Boeing also believes biofuels hold the key to radically cutting carbon dioxide emissions from aviation.
"We are convinced that sustainable biofuels can provide a way to reduce the CO2 by between 60 and 80 per cent on an airplane," John Tracy, Boeing's chief technology officer, told the BBC last month.
"We really do believe that by 2030, 30 per cent of all airline fuel could be provided by sustainable biofuels."
But there are some major hurdles, and doubts about the benefits of biokerosene.
For one, the potential of biofuel to cut emissions depends on the type of plant it is derived from and where it is grown. This is because, in some cases, the cultivation of suitable plants can have an even bigger carbon footprint than fossil fuel.
If the land used for growing the plants was previously a woodland or tropical swamp, which absorb more carbon dioxide than monoculture plantations, then producing the fuel does more environmental harm than good. And if the land is taken away from growing food crops, the process can be even less justifiable.
The trick is to derive the fuel from plants grown on land that would not otherwise be used for farming, or that can be planted in rotation with food crops, a process that benefits the soil.
Algae, for example, can be grown on wasteland, in vertical vats or in ponds. The jatropha plant, also known as the Barbados nut, thrives in tropical and subtropical regions and can be cultivated in areas where hardly any other plant would grow. The camelina plant, another source of biokerosene, can be grown in rotation with cereals.
But at present, there is not nearly enough biokerosene available.
"Research is needed on whether the material can be produced in the necessary quantities and whether production at acceptable prices is possible," says Dietmar Schrick, the managing director of the German Aerospace Industries Association.
Such crops are not being grown on anything near the scale needed to feed the aviation industry and there is a dire shortage of refineries. That contributes to making biokerosene far too expensive to be commercially viable now.
It costs at least twice as much as fossil-based kerosene, and as fuel makes up about 30 per cent of an airline's costs, it is unsurprising the demand for green fuel will not be going through the roof anytime soon.
This is where companies such as Jatro come in.
Based in Frankfurt, it is in the process of accumulating €200 million (Dh979.7m) from investors to develop the large-scale cultivation of the hardy jatropha plant in Thailand, Indonesia, Laos and Cambodia.
"Crude jatropha oil offers a sustainable and scalable source of energy at a commercially viable price," the company says.
"Engine tests and test flights have demonstrated that the use of biofuels from jatropha as 'drop-in' fuels is technically sound and works on all commonly used engine types properly and efficiently."
Despite the cost, the incentive for airlines to use biofuels is set to grow in coming years because the EU has included all airlines landing at its airports in its carbon emissions trading scheme.
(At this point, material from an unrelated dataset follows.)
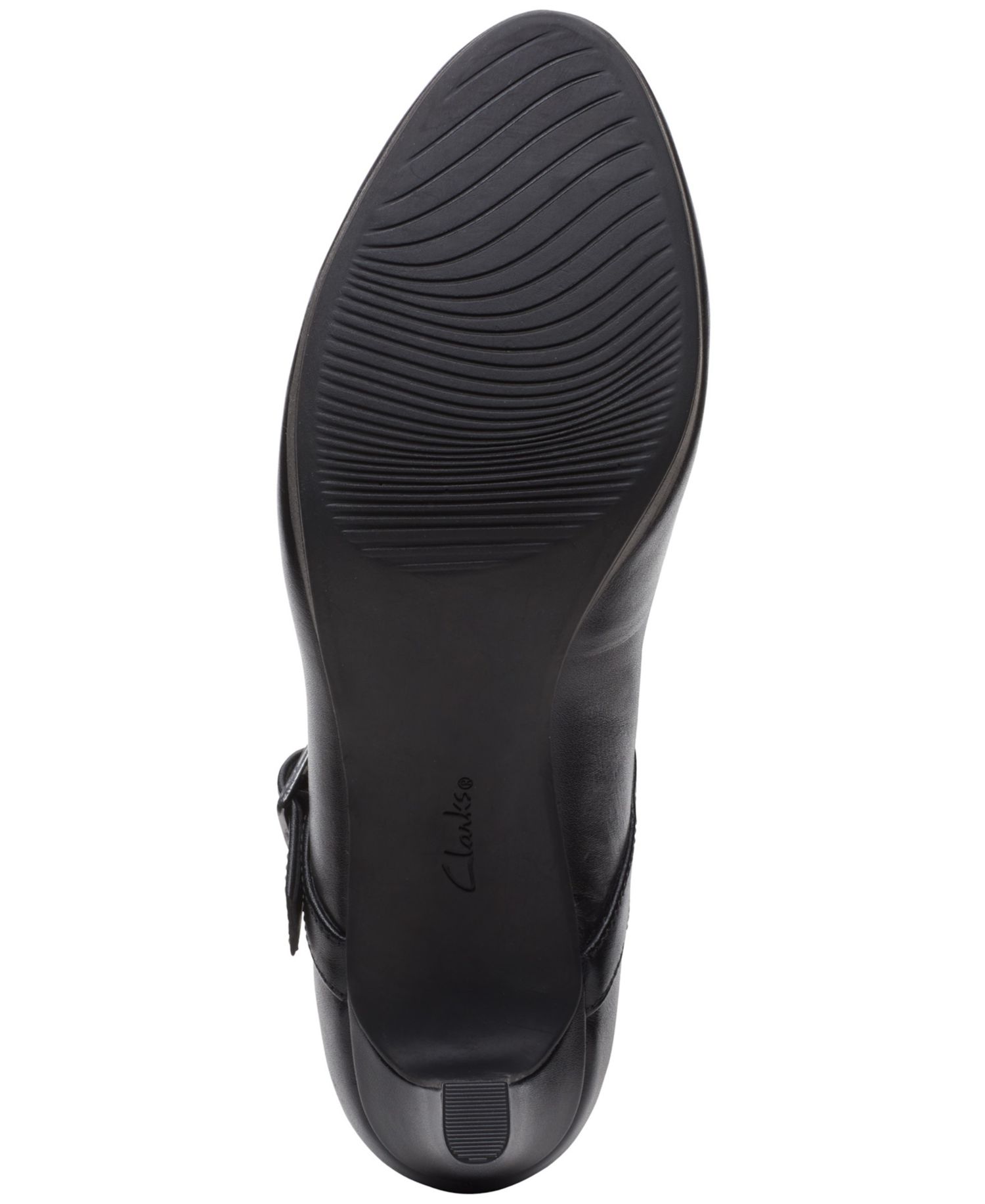 Women's Ambyr Shine Dress Shoes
The move, which took effect on January 1, requires airlines to pay for their greenhouse-gas emissions by obtaining special permits.
For now, most of the permits are being given away free. But assuming the move survives legal challenges from countries including the United States and China, it could end up forcing carriers to spend about US$15 billion (Dh55.09bn) between now and 2020 to comply with the trading scheme.
The expansion of production, and the prospect of further increases in the price of fossil fuels, will also help to make the price of biokerosene less of a hindrance.
But companies and governments need to step up their research and investment to make that happen.
"To build up the necessary capacities and to secure the competitive advantage, investments must be done now," says Mr Rohleder. "The amount of biokerosene available in the long term depends on which raw materials are available and what results the research in bio-refinery technologies produce."